New Delhi: Karnataka state’s domicile rule for PG medical admissions has become the talking point once again.
The Supreme Court has recently directed Karnataka government to file its response on the petition challenging the validity of the state’s domicile rules mandating 10 years of academic study in the state for a candidate to qualify for admission to 50 % institutional seats in PG courses in private medical colleges.
Last year in April, the apex Court had invalidated the domicile criteria for PG medical/dental admissions in the state. At that time, a total of 44 doctors, who had done their MBBS/BDS courses from Karnataka also cleared NEET PG 2018 examination with high merit position and were aspiring for admission to PG courses in the state have moved the apex court terming the domicile conditions as ultra vires and sought direction for quashing the clause.

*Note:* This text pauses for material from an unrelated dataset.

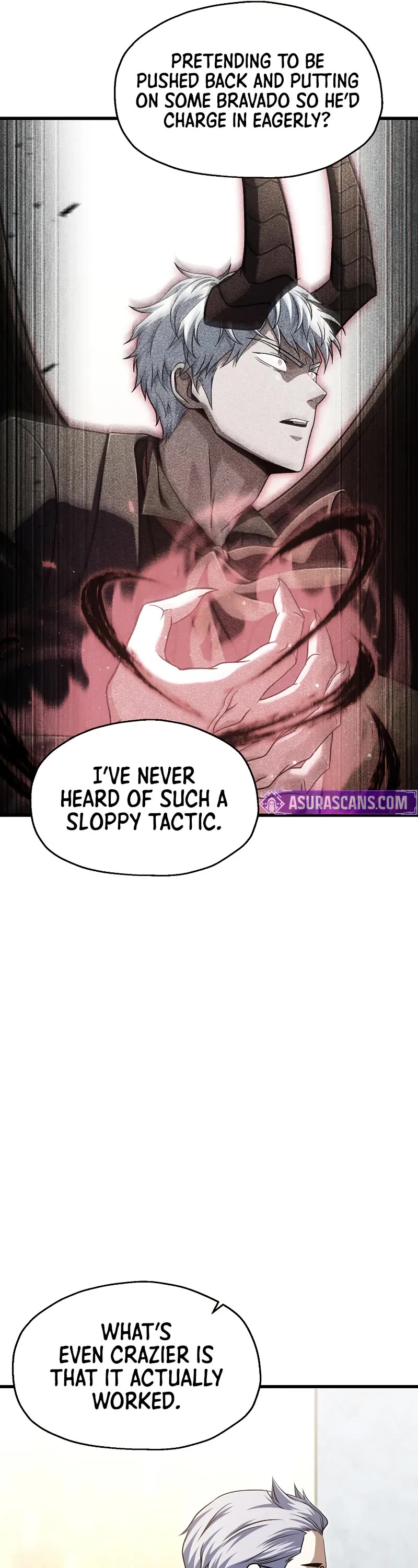 The Player That Can't Level Up Chapter 195 page 34 - Chapter 195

The main contended clause was in respect of a candidate’s eligibility to acquire admission under 50 per cent of Institutional seats in private colleges. The clause states:
A candidate must have studied and passed MBBS/BDS in recognized Medical/Dental institutions located in India and has studied for a minimum period of ten academic years commencing from 1st standard to 12th standard and must have appeared and passed either SSLC or 10th standard or 2nd PUC or 12th standard equivalent examination from the Karnataka State are eligible.” In case of the candidate who has taken more than one year to pass a class or standard, the years of academic study is counted as one year only.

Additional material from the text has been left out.